An obvious example is the spinless ground state hydrogen atom which has a large magnetic moment due to its electron.
I realize I don't fully understand statements such
"the dipole moment of any spin-zero state must vanish exactly" in answers such as What is the magnetic dipole moment of a pion? or Is there an experimental value for the magnetic moment of the Kaons?
Do pseudoscalar mesons have zero magnetic moments because they have zero spin and the Wigner-Eckart theorem applies, or because they have a particular quark model internal structure due to Quantum ChromoDynamics (QCD)?
Consider, for example, a $K^+$ ($u\bar{s}$) meson.
It's spin-flavour wave function is
$$K^+=-\frac{1}{\sqrt{2}}\left(u\uparrow\bar{s}\downarrow-u\downarrow\bar{s}\uparrow\right)$$
and we can see that the average spins for $u$ and $\bar{s}$ quarks are both zero separately, so their intrinsic quark magnetic moments independently cancel out. This does not happen with the proton and electron in a hydrogen atom.

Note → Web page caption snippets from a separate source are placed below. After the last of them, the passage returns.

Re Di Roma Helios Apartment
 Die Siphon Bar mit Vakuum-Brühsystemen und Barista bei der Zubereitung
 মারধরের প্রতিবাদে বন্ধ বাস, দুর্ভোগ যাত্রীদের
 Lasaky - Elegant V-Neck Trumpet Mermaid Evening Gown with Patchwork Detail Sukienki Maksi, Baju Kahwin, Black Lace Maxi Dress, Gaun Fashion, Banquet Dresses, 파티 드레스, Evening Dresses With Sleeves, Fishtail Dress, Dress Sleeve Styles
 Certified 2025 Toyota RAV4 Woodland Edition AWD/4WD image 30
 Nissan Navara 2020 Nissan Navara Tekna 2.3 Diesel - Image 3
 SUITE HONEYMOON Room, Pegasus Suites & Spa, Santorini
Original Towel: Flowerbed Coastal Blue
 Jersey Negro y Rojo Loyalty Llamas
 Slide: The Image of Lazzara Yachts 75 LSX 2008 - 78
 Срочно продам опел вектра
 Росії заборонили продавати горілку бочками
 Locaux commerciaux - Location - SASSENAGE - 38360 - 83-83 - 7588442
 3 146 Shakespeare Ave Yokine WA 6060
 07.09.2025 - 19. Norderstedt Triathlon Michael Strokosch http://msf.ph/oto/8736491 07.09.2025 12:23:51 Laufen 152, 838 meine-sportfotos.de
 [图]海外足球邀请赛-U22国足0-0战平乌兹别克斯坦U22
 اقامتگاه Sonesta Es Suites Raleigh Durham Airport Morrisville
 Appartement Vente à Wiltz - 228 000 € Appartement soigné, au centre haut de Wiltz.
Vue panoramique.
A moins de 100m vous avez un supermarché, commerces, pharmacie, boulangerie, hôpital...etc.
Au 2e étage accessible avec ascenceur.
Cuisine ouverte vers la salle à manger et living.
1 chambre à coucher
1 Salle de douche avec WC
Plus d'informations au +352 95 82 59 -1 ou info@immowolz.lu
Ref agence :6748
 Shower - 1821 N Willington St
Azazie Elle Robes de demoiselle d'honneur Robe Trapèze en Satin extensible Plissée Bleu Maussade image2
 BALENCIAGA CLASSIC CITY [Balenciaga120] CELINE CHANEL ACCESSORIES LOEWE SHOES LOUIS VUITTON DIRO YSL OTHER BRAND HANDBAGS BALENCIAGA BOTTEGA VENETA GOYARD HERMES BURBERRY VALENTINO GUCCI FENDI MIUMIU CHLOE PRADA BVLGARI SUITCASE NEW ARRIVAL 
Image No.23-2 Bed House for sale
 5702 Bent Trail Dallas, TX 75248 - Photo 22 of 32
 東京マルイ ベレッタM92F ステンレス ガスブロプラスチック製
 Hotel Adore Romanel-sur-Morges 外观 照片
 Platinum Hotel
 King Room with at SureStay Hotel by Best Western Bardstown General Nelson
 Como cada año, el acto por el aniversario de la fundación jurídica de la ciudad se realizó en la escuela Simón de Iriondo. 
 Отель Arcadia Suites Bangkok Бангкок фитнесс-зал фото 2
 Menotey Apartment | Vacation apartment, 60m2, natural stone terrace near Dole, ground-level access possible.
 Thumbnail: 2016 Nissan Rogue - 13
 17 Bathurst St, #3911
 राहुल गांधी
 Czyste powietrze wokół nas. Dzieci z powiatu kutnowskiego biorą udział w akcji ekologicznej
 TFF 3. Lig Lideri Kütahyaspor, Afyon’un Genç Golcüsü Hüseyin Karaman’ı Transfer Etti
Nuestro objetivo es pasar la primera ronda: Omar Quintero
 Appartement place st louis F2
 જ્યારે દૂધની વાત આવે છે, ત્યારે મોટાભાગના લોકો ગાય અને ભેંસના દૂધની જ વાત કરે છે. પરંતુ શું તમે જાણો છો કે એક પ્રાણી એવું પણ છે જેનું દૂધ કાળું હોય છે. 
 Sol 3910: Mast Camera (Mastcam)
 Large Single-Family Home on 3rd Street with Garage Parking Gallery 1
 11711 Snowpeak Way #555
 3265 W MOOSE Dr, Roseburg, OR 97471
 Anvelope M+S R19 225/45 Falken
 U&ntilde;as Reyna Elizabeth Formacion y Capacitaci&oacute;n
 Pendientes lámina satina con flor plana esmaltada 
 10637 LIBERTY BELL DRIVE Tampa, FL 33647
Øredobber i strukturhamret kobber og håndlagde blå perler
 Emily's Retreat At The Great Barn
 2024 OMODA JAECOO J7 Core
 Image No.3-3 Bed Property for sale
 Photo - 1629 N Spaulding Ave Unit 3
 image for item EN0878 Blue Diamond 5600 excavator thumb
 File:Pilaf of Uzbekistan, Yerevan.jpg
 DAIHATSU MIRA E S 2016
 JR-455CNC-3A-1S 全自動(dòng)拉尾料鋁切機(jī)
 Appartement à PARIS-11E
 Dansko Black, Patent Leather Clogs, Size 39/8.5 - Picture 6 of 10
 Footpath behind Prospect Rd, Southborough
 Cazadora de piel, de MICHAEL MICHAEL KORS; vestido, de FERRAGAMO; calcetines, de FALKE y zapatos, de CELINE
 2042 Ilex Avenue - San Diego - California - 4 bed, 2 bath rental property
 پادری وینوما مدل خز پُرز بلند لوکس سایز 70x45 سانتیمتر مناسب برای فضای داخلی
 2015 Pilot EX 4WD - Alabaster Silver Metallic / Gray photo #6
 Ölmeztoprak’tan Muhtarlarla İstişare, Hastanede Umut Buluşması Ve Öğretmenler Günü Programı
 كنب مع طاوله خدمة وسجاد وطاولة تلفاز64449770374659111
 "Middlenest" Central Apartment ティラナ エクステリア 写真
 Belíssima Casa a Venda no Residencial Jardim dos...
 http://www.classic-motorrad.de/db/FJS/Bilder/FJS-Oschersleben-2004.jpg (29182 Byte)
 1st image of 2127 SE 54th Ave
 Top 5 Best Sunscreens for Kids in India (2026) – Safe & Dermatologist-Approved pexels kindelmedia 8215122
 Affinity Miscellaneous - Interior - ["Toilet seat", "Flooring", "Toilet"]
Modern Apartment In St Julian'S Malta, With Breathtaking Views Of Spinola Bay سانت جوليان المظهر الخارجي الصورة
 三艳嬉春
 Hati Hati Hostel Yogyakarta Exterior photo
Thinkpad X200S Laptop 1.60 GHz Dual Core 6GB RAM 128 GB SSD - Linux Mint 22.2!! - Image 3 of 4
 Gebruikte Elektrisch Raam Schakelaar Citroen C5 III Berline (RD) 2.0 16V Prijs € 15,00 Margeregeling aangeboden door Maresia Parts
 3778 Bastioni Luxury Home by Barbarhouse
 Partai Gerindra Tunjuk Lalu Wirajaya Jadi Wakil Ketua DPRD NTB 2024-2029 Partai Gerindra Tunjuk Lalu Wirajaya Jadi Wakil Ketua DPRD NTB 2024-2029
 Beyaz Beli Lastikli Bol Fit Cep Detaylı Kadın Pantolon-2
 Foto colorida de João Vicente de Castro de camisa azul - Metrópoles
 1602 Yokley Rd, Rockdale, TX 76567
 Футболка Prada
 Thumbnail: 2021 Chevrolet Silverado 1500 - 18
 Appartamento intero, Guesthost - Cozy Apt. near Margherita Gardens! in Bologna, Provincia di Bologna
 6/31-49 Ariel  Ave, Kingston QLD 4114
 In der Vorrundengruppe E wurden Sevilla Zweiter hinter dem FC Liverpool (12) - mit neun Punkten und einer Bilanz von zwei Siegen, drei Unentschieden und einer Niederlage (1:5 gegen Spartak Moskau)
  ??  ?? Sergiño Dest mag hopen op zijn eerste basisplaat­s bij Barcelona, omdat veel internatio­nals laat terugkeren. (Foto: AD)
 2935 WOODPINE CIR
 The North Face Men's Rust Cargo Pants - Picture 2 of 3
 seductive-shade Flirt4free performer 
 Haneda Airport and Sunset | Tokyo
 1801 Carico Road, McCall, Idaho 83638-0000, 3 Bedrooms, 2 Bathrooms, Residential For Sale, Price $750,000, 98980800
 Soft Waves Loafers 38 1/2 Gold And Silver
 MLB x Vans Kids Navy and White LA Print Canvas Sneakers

Of course a meson is very different from a hydrogen atom. The meson's binding energy is $\sim10^7$ larger then that of hydrogen and the binding QCD force doesn't care about a quark's flavour or electric charge. A meson is orders-of-magnitude small than an atom. Changing the quark-antiquark spins from an antiparallel spin-0 state to a parallel spin-1 state spin inside a meson increases the meson mass by hundreds of MeV, compared to $\sim 6\times10^{-6}$ eV for changing a hydrogen atom from spin 0 to spin 1.
So I guess my confusion is about how the Wigner-Eckart theorem applies to composite systems, and what is the essential difference between a composite spinless meson that cannot have a dipole moment and a composite spinless atom that does have one?
Edit Note: I originally incorrectly used $J$ for the atom's total angular momentum instead of the correct F, which is why it is mentioned in Rob's answer.
Best Answer
I believe the difference is that atoms can be modeled in the non-relativistic limit where total, orbital, and spin angular momenta $J,L,S$ for the electronic sector, and the nuclear spin $I$, are all commuting observables. (Note that hydrogen’s electronic ground state is $^{2S+1}L_J={}^2S_{1/2}$. The hyperfine transition whose micro-eV energy you give usually gets the quantum numbers $F=1\to0$, rather than your $J$.) Because the operators for $S$ and $I$ both commute with the Hamiltonian, they are good quantum numbers for energy eigenstates and you can sensibly talk about a magnetic moment proportional to one or the other.
In relativistic systems, including the smallest nuclei, this approximation is no good. The two nucleons in the deuteron, for example, are in a mixture of $^3S_1$ and $^3D_1$ angular momentum states, so we can’t assign a direction to the nucleon spins in polarized deuterium.